YOUR TASK
Take the entries below and reproduce exactly the portion that begins at the line containing "Samsung Galaxy Tab" and ends at the line containing "new 2025 Jeep", keeping both ends, dropping pictures, and adding nothing else.

+++++

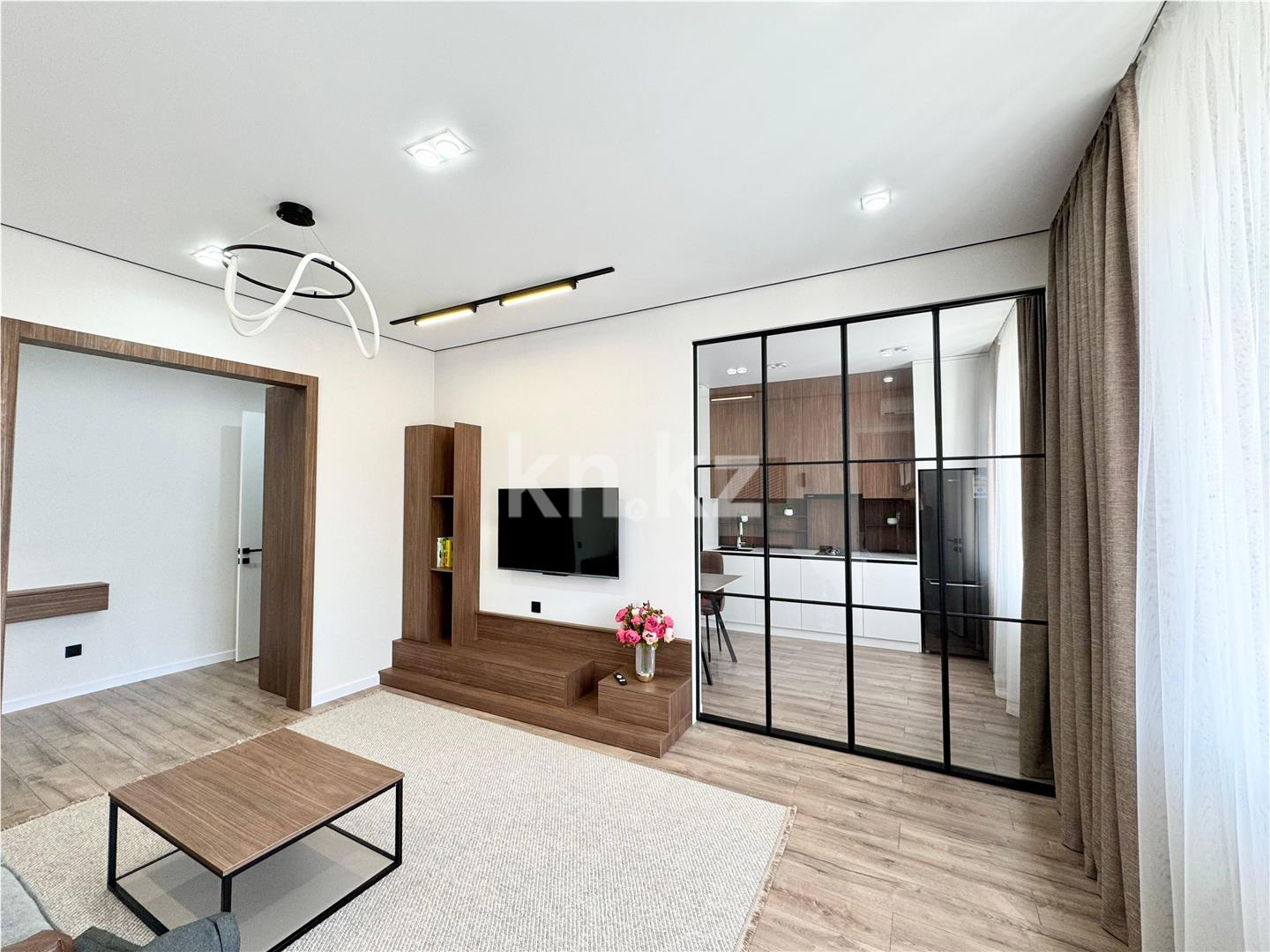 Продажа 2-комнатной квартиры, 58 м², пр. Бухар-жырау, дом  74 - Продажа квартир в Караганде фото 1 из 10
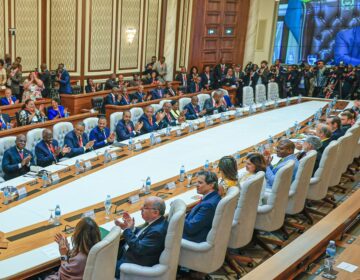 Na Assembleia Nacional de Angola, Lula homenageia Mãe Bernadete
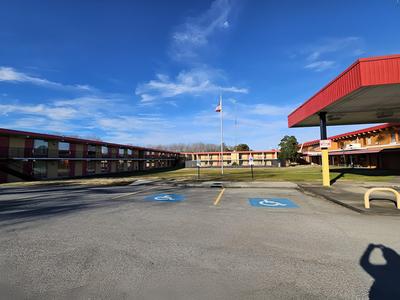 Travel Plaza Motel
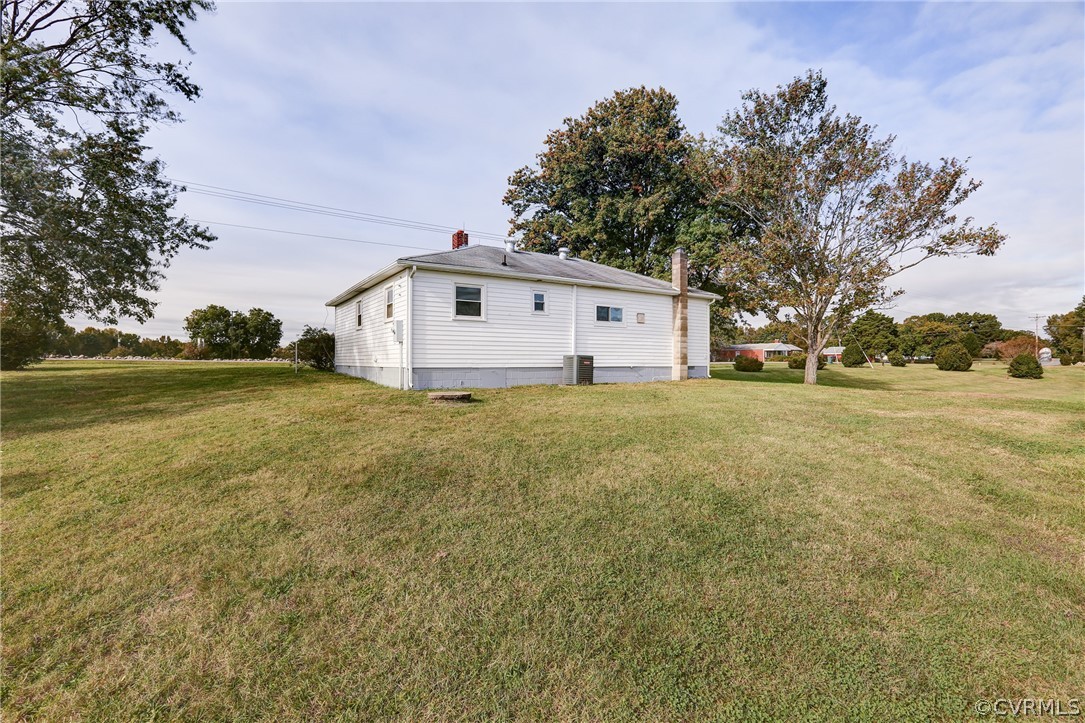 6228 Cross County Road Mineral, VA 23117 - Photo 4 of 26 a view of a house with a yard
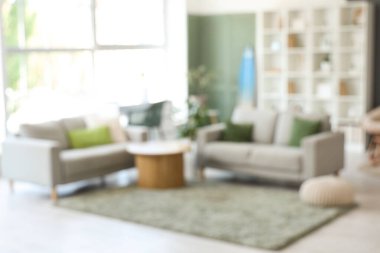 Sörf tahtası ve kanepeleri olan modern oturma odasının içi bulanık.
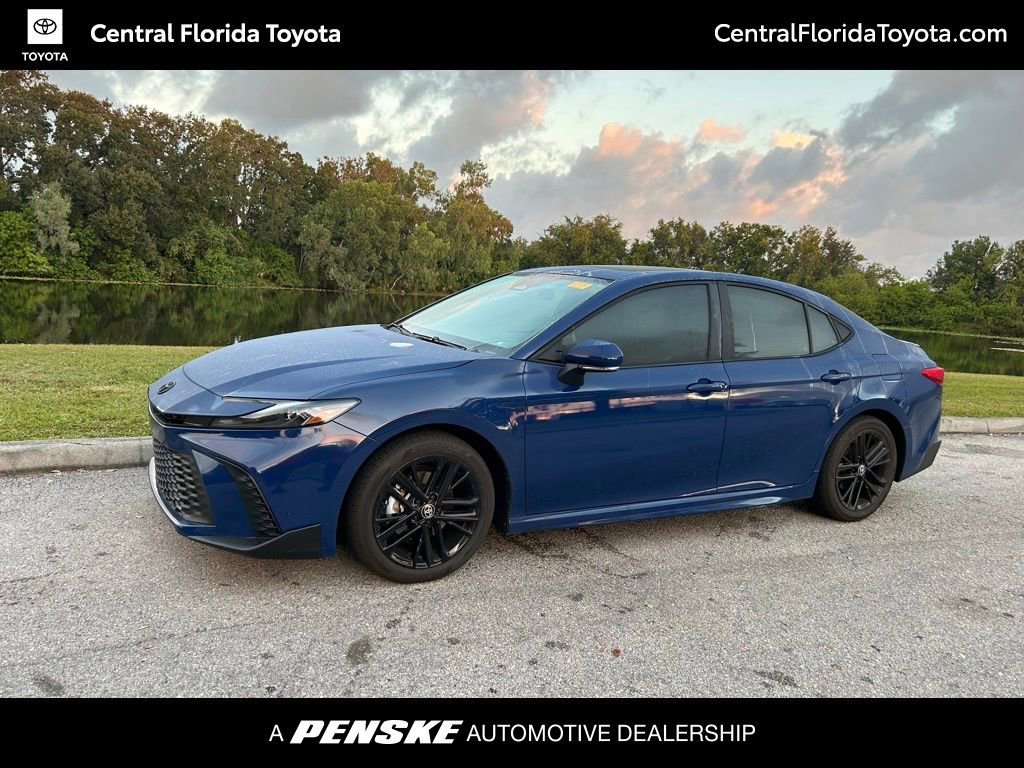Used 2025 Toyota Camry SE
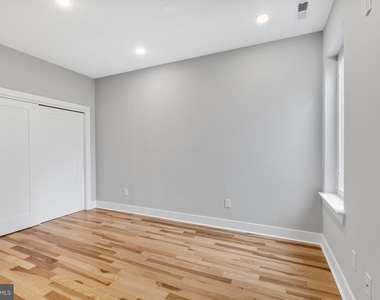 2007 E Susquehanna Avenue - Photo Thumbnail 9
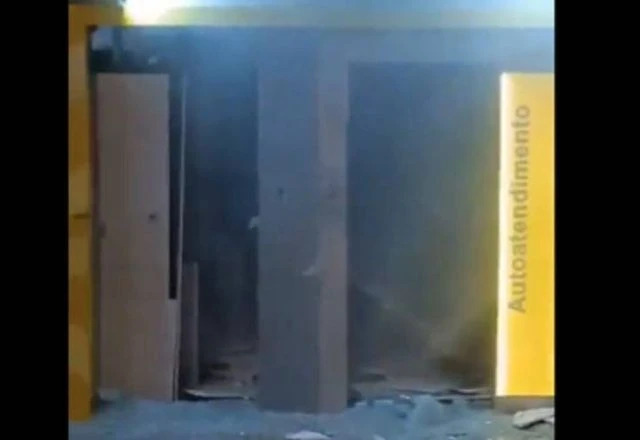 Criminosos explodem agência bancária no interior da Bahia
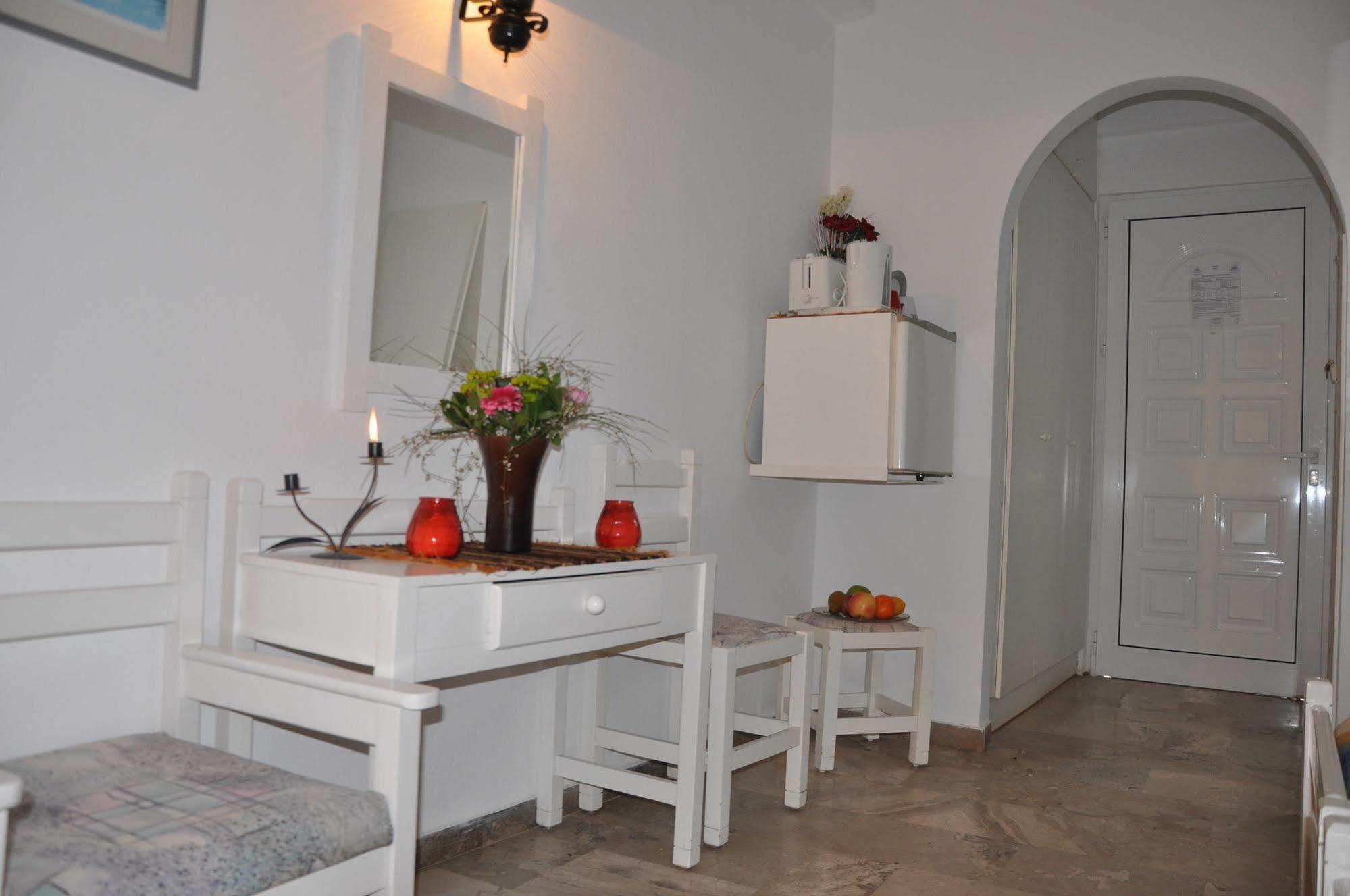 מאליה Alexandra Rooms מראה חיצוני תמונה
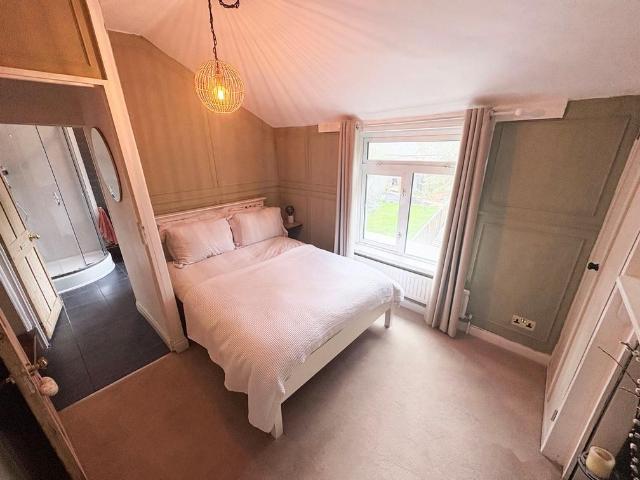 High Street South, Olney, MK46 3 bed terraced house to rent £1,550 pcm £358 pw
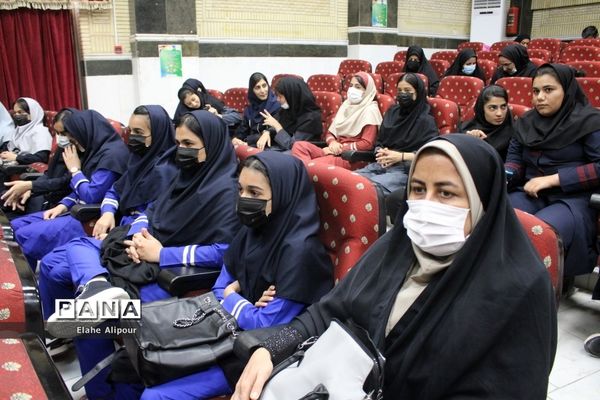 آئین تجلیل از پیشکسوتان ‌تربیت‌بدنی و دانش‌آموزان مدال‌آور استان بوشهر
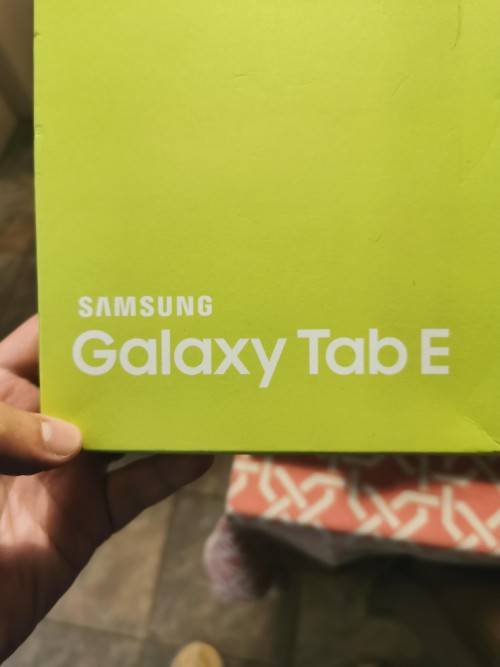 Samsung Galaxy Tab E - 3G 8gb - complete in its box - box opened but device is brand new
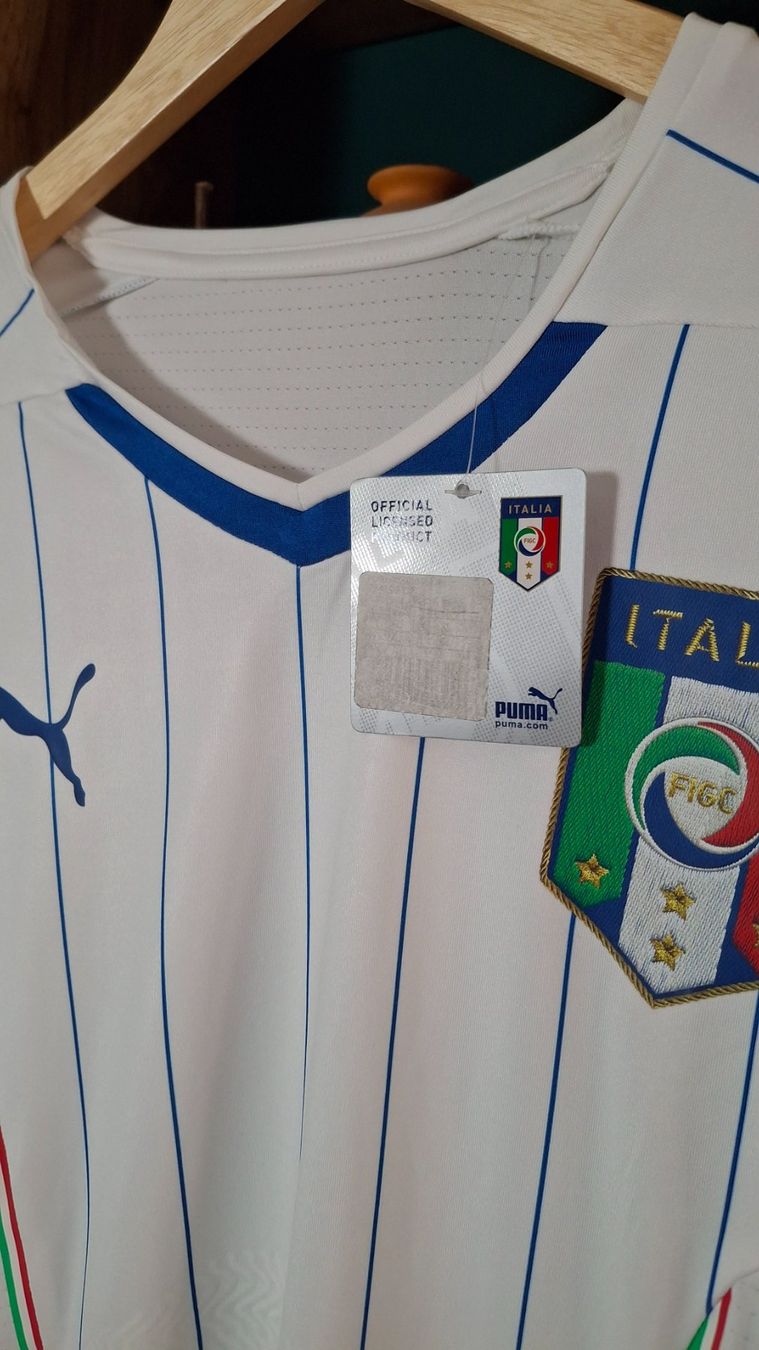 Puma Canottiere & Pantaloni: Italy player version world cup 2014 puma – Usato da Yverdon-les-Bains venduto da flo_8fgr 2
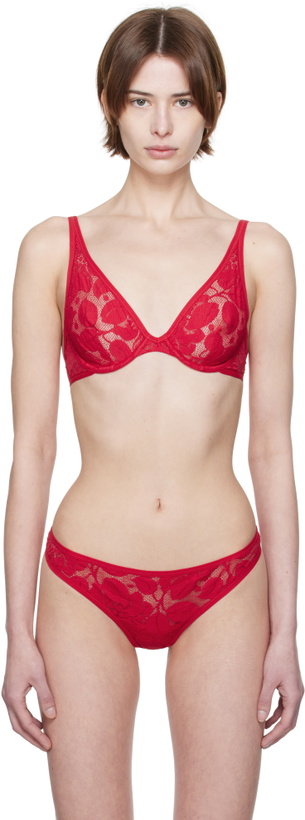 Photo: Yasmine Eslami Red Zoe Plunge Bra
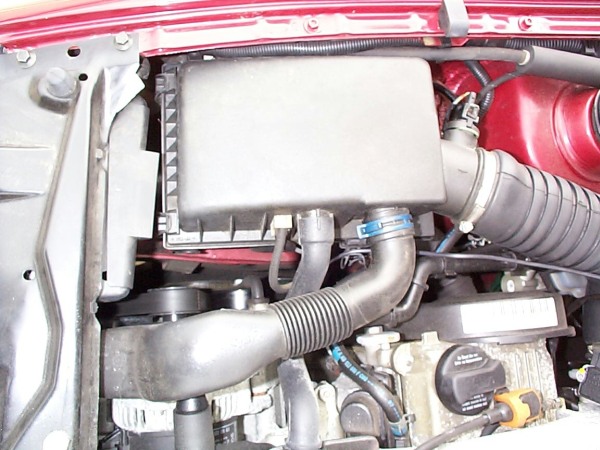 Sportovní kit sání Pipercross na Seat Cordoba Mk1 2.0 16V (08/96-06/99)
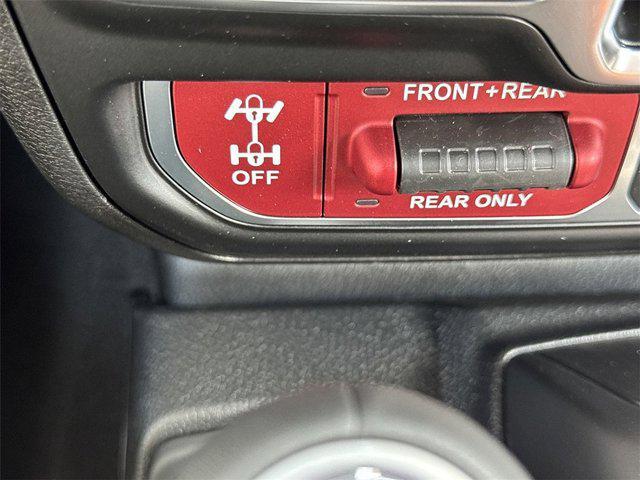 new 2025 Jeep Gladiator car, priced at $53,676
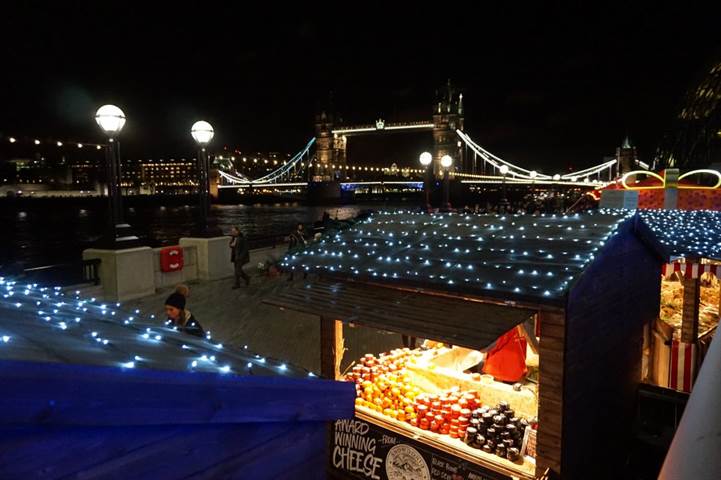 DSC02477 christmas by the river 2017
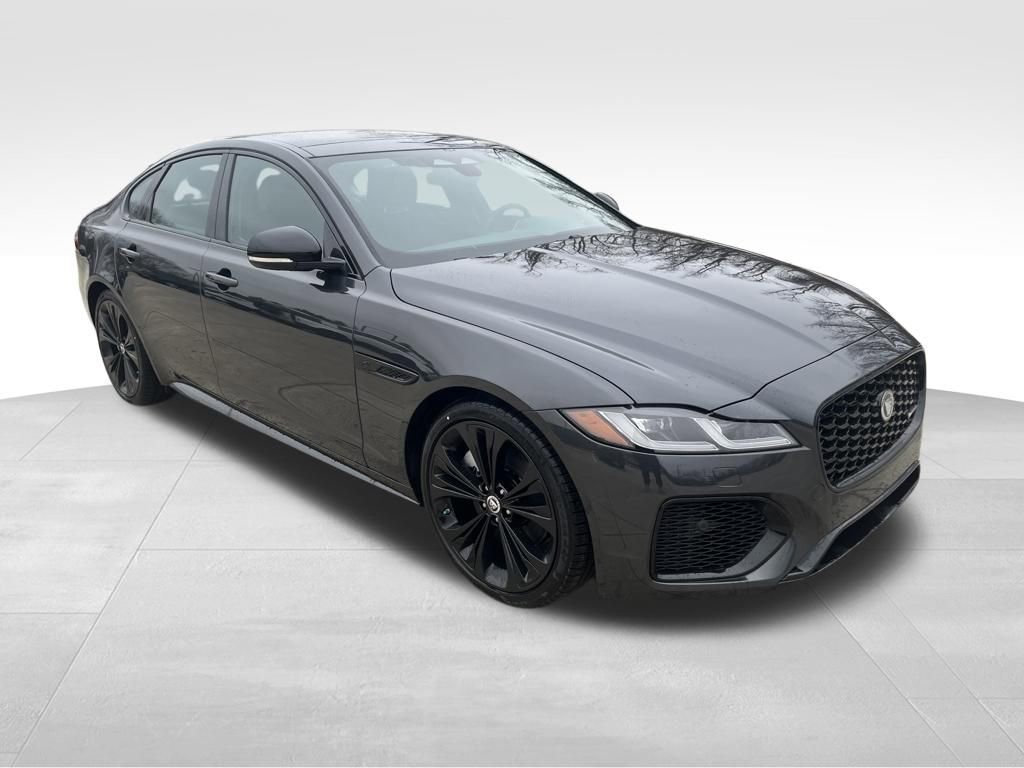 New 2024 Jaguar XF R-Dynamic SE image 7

+++++

SOLUTION
 Samsung Galaxy Tab E - 3G 8gb - complete in its box - box opened but device is brand new
 Puma Canottiere & Pantaloni: Italy player version world cup 2014 puma – Usato da Yverdon-les-Bains venduto da flo_8fgr 2
 Photo: Yasmine Eslami Red Zoe Plunge Bra
 Sportovní kit sání Pipercross na Seat Cordoba Mk1 2.0 16V (08/96-06/99)
 new 2025 Jeep Gladiator car, priced at $53,676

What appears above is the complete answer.